In this post, I’ll explain how to manage GPU allocation in a local environment using a job management tool called pueue. Note that this focuses on GPU training on a single server and does not cover situations where multiple instances can be flexibly used in cloud environments or on Colab.
About pueue
pueue is a job management tool written in Rust. It is designed to run standalone for a single user, and its key strength is lightweight operation with a simple feature set. You run a daemon called pueued, and when you submit jobs via the pueue command, they are automatically executed according to priority and parallelism settings.
🌠 Manage your shell commands.
Here are the main features of pueue:
- Terminal-independent: Since it runs as a daemon, jobs continue executing even if you close the terminal. You can add tasks and check their status from a different terminal.

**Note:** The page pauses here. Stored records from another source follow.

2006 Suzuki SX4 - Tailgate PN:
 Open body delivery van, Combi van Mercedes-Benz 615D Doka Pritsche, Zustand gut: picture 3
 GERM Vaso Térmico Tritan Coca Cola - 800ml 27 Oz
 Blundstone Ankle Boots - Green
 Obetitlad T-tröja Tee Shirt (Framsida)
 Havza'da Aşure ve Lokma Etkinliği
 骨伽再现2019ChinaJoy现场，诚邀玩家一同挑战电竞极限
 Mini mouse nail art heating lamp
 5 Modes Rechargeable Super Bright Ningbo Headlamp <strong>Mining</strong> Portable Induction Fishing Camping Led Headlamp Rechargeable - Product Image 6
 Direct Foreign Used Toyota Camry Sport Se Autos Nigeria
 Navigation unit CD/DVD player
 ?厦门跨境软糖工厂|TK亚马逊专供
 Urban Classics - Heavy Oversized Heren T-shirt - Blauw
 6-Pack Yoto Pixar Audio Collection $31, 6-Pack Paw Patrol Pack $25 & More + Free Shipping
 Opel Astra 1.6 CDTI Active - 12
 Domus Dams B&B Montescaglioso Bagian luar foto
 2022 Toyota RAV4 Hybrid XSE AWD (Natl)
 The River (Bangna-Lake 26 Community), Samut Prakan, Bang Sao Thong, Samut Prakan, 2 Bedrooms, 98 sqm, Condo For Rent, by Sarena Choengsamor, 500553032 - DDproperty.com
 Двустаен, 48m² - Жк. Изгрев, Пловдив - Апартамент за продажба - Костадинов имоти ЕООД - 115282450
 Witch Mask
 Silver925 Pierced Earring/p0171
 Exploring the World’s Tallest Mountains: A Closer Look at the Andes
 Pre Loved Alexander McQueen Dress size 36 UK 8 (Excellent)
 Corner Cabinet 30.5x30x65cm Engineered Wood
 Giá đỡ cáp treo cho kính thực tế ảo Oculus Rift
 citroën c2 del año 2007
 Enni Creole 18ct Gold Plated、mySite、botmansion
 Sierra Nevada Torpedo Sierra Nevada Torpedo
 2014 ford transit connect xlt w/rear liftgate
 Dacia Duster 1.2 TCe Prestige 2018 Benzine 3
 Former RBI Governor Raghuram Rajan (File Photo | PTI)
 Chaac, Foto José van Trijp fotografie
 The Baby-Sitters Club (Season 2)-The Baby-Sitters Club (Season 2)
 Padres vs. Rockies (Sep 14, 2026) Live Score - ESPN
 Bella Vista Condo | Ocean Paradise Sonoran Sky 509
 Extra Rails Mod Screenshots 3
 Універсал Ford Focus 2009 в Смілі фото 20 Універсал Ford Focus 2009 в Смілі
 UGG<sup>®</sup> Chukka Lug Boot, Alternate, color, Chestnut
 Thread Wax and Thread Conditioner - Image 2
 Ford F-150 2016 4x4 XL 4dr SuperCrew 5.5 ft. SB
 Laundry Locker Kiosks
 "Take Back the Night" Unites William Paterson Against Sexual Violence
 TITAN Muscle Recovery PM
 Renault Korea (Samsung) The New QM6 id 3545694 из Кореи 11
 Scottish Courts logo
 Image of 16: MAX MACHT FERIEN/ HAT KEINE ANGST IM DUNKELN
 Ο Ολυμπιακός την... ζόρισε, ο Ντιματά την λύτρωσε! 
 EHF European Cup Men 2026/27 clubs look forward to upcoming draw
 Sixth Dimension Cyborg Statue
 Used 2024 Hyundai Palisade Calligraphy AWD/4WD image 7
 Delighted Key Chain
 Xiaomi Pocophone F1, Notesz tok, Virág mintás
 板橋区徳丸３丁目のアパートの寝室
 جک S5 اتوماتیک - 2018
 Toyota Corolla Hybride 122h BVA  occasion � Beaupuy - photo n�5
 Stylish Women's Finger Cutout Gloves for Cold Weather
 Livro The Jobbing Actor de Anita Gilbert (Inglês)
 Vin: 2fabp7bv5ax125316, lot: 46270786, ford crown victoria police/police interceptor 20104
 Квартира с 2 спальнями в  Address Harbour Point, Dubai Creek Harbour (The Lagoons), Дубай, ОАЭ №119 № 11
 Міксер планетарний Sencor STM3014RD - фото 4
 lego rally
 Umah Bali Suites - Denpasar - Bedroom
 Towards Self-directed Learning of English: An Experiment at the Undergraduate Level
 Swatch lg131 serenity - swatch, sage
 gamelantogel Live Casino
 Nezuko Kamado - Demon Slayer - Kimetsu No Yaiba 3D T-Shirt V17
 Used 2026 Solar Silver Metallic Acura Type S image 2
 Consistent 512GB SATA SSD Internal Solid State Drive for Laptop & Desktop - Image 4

- Parallelism control: You can specify the number of tasks to run simultaneously. For GPU experiments, limiting parallelism to 1 prevents GPU contention and VRAM OOM errors caused by multiple tasks.
- Group functionality: Tasks can be organized into groups, with parallelism controlled per group. If you have multiple GPUs, you can manage separate queues for each GPU.
- Priority and task ordering: You can set task priorities and reorder tasks within the queue.
pueue in Action
Here’s what it looks like when I’m actually using it for experiment management. I include the experiment ID and a brief summary in the label, making it easy to track experiment progress.

Basic Commands
Adding Tasks (add)
Use the add command to add tasks to the queue.
pueue add "uv run python experiments/exp001/run.py"
By adding multiple tasks, they are automatically executed sequentially.
pueue add "uv run python experiments/exp001/run.py"
pueue add "uv run python experiments/exp002/run.py"
pueue add "uv run python experiments/exp003/run.py"
Checking Status (status)
Use the status command to check the current state of tasks.
pueue status
This displays each task’s ID, state (Queued, Running, Done, etc.), and command.
Removing Tasks (remove)
Use the remove command to delete tasks from the queue.
pueue remove 3 # Remove task ID 3
Viewing Results (log)
Use the log command to view the output of completed tasks.
pueue log 1 # Show log for task ID 1
pueue log # Show the latest log
Real-time Monitoring (follow)
Use the follow command to monitor the output of a running task in real time. It behaves like tail -f, and properly displays progress bars from tools like tqdm.
pueue follow 1 # Stream output of task ID 1 in real time
Cleaning Up Completed Tasks (clean)
Use the clean command to remove completed tasks from the list.
pueue clean # Remove all completed tasks
GPU Parallelism Control
By creating groups corresponding to each GPU and limiting each group’s parallelism to 1, you can control job submission across multiple GPUs. Combined with CUDA_VISIBLE_DEVICES when adding tasks, you can distribute jobs to specific GPUs. Note that I haven’t personally verified this setup, as I don’t have multiple GPUs.
Controlling Execution Order with Priority
When running experiments, you’ll often find yourself wanting to try a particular experiment first. pueue supports setting priorities and reordering tasks.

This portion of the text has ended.